South Texas Destinations: San Pedro Springs Park, San Antonio, Texas

San Pedro Springs Park which has also been known as just “San Pedro Park” in the past, is (depending on how you count) the second-oldest public park in the United States.  The land where San Pedro Springs Park currently is was set aside for public use by the King of Spain in 1729, making it 95 years younger than the oldest public park in the United States, Boston Common.  The “depending on how you count” is because the Trust for Public Land, which apparently uses different criteria for “park” places San Pedro Springs Park at tenth-oldest.  Either way, though, San Pedro Springs Park is one of the oldest parks in the country.

Humans have been living in and around the area that is now San Pedro Springs Park for millennia.  When the Spaniards arrived in 1709, the area was home to a Coahuiltecan tribe known as the Payaya.  The Spaniards knew a good thing when they saw it, so they decided to move in there, as well.  Unfortunately, there were two groups of Spaniards — soldiers and Franciscan missionaries and there was apparently some kind of conflict between them.  Eventually, the missionaries set up on one side of the river and the soldiers on the other.  This is the first of the missions named for San Antonio de Padua (the final one of these is the Alamo).  The mission was moved to the other side of the river, then to where St. Joseph’s Church is today (I must remember the link when I get to writing up St. Joseph’s), and then to its final location.

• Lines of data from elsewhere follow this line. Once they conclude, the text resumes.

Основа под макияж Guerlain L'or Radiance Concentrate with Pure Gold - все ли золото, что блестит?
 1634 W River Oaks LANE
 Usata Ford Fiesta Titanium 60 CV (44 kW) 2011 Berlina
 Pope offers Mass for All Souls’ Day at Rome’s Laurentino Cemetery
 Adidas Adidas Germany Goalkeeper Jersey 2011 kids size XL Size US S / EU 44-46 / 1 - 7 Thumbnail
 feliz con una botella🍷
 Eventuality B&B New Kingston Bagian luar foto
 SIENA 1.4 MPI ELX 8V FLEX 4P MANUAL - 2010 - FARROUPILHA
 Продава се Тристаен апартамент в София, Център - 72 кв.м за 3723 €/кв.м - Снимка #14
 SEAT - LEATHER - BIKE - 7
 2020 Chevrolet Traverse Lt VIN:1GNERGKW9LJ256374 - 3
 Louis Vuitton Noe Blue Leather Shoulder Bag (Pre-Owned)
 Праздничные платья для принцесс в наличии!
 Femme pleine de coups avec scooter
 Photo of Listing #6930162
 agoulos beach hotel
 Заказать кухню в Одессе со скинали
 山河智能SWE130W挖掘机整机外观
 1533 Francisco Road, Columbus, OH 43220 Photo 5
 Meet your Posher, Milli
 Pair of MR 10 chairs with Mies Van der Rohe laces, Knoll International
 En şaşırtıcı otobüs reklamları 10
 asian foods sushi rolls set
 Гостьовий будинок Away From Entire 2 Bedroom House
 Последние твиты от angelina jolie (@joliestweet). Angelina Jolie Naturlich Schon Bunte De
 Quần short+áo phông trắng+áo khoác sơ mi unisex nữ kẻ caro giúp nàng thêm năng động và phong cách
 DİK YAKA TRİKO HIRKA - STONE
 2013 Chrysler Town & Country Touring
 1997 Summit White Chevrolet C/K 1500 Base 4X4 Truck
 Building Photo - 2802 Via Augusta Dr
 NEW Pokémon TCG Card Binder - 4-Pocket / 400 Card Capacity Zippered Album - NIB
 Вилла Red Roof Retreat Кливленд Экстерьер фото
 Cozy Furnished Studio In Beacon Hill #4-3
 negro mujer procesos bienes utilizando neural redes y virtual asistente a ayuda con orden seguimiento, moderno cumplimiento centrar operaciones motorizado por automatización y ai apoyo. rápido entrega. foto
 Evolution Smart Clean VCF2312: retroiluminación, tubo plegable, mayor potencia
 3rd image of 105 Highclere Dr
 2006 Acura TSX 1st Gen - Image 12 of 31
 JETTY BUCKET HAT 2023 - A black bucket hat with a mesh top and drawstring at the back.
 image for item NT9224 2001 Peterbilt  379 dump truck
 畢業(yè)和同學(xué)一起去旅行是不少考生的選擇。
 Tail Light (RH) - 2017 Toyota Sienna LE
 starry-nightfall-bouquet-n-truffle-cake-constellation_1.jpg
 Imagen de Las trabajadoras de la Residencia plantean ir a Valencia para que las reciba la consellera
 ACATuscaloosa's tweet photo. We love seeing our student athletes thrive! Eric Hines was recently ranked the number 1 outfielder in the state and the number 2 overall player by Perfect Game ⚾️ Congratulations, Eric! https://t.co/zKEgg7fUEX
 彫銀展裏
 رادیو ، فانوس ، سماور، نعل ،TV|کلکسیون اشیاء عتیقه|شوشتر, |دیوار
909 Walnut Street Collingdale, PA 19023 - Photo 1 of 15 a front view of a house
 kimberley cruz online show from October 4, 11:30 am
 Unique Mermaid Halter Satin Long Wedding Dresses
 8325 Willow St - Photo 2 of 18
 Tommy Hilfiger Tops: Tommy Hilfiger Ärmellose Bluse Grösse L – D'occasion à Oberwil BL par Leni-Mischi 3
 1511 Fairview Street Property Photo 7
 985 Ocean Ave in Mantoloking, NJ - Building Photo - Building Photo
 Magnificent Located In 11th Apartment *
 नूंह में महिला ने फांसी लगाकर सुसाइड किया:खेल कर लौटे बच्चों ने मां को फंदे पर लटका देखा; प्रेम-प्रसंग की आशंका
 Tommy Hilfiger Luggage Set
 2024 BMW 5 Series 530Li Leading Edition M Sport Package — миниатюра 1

In what is likely to be the most confusing sentence I will ever write, parks today aren’t what they were then.  Parks started out as land for sort of general public use.  Boston Common, the oldest park in the United States, was originally a field where residents could graze their cattle.  And so it was with San Pedro Springs Park.  The original use was primarily for travelers, however.  The travelers would let their animals eat and drink and refill their water containers in this area.  It wouldn’t become a park as we recognize the term until 1864.

Prior to 1864, one tenant of the land that is now San Pedro Springs Park was the military.  Because of this history, the stone house in the park is generally thought of as an old fort or possibly a storage building for weapons.  No one is sure where the building, generally known as the “Block House” was built, but a 1909 photograph shows a building that was already apparently old, and the architectural style looks to be from the mid-1800s.

Among the uses that we are sure the military put the land to was the garrisoning of soldiers and stabling camels that the Army attempted to use in military campaigns.  The park was also a prisoner-of-war camp during the Civil War.

In 1864, a man named Jacob Duerler took over the park.  He got a license to use the park for 20 years in exchange for fixing the damage done by the soldiers (and the camels) during the years when the military used the park.  Duerler opened up a number of amusements including a fish pond and a bar.  Duerler died 10 years into the 20-year period, and eventually his son-in-law took over. His son-in-law mismanaged the property and so when he wanted to break the lease early, the city allowed it.  A new tenant, Frederick Kerbel, took over and made still more improvements to the park, including landscaping and the addition of a “grotto,” generally thought to be a summer home, which stands there today, and which looks kind of like a very large statue of Cousin Itt from The Addams Family.

When Kerbel’s lease expired, the city took over management of the park.  Some of the buildings built during the era when the park was let to tenants remained, including the grotto and a strange star-shaped structure that originally had a fountain in the center.

When I first moved to San Antonio, the park had not been renovated for a long time and it looked sort of post-apocalyptic.  They have done quite a lot of renovation, including upgrades to the swimming pool and the addition of a small skateboarding park.  The park has a lot more visitors these days than I saw in my first visits, which is lovely to see.

Since San Pedro Springs Park is a historic landmark, there are some places that are not handicap accessible.  For example, the photo at the top of the page was taken at the top of a flight of stairs.  The top of that sort of bluff thing is accessible by a sloped path, however.  The “shallow end” of the pool actually is a ramp that leads into the pool, making the pool itself handicap accessible (though I’m not sure about taking one’s wheelchair into the pool itself), from what I have read.